I guess I just miss my old school. I had a close friend up there, I knew how their system worked, and I had established contacts and important relationships that may now mean nothing since I won't be there to maintain them. Maybe I'm just worrying for nothing. Or maybe I'll just have to amp up my game and work harder than I ever have to maintain the best possible grades in addition to expanding my professional network. I still have a long road ahead of my and I need to either choose to make the best of it or let myself fail. The latter just isn't an option.

Hm. 2L year almost half over....so far so good?

Saturday, May 4, 2013

Something You Find Yourself Saying A Lot...

"You just don't get it. And you won't."

It's true, though. You find yourself trying to explain situations to those you love who aren't in law school, and without the ability to convey the intricacies and subtleties that go along with your daily interactions that takes them from normal to crazy in an instant, no one can fully understand the gravity of it all.

Law school is this unique place where best friends would sooner throw one another into a Colosseum full of lions that haven't eaten in a couple weeks than see the other get one GPA point higher.

People are shockingly childish. Especially at smaller law schools.

There is no such thing as an underachiever. Trust me, they were weeded out first semester. And the rest will be this semester.

Everyone is struggling to be defined.

I don't know. Maybe it'll all calm down after our first year. Maybe we're all kind of trying to figure this all out and we're just throwing spaghetti at a wall just to see what will stick.

Nothing can prepare you for a place like this. It's like intellectual bootcamp, but for immature egoists who need their self-esteem stroked in order to stay afloat.

Thursday, January 31, 2013

Oh. Well then.

So....yeah. Facebook.

I just realized that when I posted this on there, everyone could see.

Don't judge my rants lol.

60 page views later.....


Insomnia, you familiar friend.

1) I freaking love Property Law. I know we're only a couple weeks in, but geez. It's so comprehensive and full of all of these twists and turns, such as the fact that you potentially have a right to the items you stole. Well, at least more of a right than someone who stole them from you. The only person who has more of a right to that property is the rightful owner. If they don't know or aren't party to a suit against you, the courts pretend like they don't exist.

2) This is a whole new breed of can't sleep. Wine helps but I don't want to become that person who has to have wine to sleep. Which, is laughable, because I literally pour two swallows in a tiny glass- but still.

3) Let the bookception begin!
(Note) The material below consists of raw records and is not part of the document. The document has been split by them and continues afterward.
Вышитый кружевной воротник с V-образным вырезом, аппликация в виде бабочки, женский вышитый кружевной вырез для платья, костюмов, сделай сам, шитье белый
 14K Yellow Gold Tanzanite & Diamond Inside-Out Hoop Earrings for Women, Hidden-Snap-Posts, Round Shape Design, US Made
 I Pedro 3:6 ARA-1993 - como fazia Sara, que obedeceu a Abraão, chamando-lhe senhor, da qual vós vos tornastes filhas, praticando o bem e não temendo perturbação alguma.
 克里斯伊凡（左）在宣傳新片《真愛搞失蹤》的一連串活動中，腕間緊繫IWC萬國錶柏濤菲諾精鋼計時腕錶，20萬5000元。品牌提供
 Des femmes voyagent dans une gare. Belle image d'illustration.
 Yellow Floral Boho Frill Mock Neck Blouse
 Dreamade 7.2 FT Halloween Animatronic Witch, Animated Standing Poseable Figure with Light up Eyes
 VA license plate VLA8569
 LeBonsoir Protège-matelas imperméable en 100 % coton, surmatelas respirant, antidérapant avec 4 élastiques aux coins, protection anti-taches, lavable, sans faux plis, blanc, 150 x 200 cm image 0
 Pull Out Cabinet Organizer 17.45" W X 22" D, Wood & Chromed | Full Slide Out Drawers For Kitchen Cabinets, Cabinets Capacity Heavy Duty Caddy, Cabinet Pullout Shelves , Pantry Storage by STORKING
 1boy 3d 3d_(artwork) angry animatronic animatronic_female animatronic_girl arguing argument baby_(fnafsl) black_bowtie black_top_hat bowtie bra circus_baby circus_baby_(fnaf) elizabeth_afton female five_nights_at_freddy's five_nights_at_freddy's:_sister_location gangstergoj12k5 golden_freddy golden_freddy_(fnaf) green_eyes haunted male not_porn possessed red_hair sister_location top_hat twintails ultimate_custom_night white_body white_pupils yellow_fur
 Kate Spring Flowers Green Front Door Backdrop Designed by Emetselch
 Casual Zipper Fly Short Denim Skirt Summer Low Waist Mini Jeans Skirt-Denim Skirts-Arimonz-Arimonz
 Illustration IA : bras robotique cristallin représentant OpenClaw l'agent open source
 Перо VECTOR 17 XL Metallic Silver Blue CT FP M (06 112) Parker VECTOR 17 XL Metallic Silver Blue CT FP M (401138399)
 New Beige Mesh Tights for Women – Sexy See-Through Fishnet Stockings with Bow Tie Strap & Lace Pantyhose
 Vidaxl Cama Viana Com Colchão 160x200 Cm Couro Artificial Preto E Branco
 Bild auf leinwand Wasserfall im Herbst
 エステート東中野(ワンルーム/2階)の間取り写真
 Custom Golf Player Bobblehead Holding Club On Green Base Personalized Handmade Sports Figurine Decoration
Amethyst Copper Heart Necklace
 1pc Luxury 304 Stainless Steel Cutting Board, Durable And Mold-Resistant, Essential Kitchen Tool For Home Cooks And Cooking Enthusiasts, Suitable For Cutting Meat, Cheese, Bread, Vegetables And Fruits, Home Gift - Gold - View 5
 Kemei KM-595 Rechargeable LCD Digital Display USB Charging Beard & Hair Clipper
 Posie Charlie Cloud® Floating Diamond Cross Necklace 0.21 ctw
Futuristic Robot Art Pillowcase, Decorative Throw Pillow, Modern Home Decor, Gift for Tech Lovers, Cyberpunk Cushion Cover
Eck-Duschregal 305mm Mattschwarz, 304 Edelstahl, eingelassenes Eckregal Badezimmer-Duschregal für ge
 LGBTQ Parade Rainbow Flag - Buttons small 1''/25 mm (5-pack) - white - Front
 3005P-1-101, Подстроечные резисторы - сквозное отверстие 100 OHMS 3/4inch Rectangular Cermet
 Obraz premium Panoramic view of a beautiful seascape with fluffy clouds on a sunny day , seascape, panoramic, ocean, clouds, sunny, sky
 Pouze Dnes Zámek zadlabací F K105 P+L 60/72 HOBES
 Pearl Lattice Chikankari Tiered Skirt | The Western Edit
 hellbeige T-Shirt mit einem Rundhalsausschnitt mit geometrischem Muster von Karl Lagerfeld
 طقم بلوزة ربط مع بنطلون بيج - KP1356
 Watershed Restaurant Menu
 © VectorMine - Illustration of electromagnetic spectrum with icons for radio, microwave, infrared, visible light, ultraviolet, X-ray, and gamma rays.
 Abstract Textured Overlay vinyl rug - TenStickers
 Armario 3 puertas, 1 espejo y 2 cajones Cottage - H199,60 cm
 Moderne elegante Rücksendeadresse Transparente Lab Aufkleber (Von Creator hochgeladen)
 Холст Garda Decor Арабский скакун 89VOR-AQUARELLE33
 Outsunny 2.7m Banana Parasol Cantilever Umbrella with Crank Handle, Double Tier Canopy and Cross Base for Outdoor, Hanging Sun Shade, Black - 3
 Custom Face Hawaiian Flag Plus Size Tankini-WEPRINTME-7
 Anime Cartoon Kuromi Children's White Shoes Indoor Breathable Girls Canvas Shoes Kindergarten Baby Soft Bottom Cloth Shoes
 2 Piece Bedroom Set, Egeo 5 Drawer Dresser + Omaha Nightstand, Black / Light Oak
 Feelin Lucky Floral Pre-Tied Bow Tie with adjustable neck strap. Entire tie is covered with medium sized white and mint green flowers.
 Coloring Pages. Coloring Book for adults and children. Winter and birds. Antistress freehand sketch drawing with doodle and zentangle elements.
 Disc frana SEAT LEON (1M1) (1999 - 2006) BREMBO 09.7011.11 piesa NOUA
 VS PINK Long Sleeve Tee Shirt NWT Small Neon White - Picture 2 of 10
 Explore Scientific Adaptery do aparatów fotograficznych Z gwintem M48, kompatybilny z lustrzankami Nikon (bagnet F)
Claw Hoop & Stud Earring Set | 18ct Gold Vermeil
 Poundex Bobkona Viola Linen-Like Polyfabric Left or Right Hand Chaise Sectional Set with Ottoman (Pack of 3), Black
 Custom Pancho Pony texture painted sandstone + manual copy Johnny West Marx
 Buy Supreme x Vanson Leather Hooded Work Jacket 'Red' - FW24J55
I am now the proud owner of five books that explain our books. Yayyyyy!! I hope these help :-/

4) Next week is Trial Practicum, which is cool because we get to watch a trial and not go to class. The downside is we have to make up Legal Research and Contracts because those teachers are humorless and don't want us to enjoy anything. (Just kidding!) It also kinda sucks because we have a huge Appellate Brief due March 1st, and we'll be in Trial Practicum from 8-5 every day for a week. Oy. Bring it on, law school!

5) I miss you all! Jen and Katie are heading up to the DSM this weekend to get crazzzzyyyyy. Or, you know, as crazy as we get these days. We're old lol

<3

Tuesday, January 29, 2013

ANNOUNCEMENT!

I...
wait for it....




MADE DEAN'S LIST! I made Dean's List for my first semester of law school!



AAAAAAAAAAAAAAAAAAAAAAAAAAAAAAAAAAAAAAAAAAAAAAAAAAAAAAAAAAAAAAAAAAAAAAAAAAAAAAAAAAAAAAAAAAAAAAAAAAAAAAAAAAAAAAAAAAAAAAAAAAAAAAAAAAAAAAAAAAAAAAAAAAAAAAAAAAAAAAAAAAAAAAAAAAAAAAAAAAAA
!!!!!!!!!!!!!!!!!!!!!!!!!!!!!!!!!!!!!!!!!!!!!!!!!!!!!!!!!!!!!!!!!!!!!!!!!!!!!!!!!!!!!!!!!!!!!!!!!!!!!!!!!!!!!!!!!!!!!!!!!!!!!!!!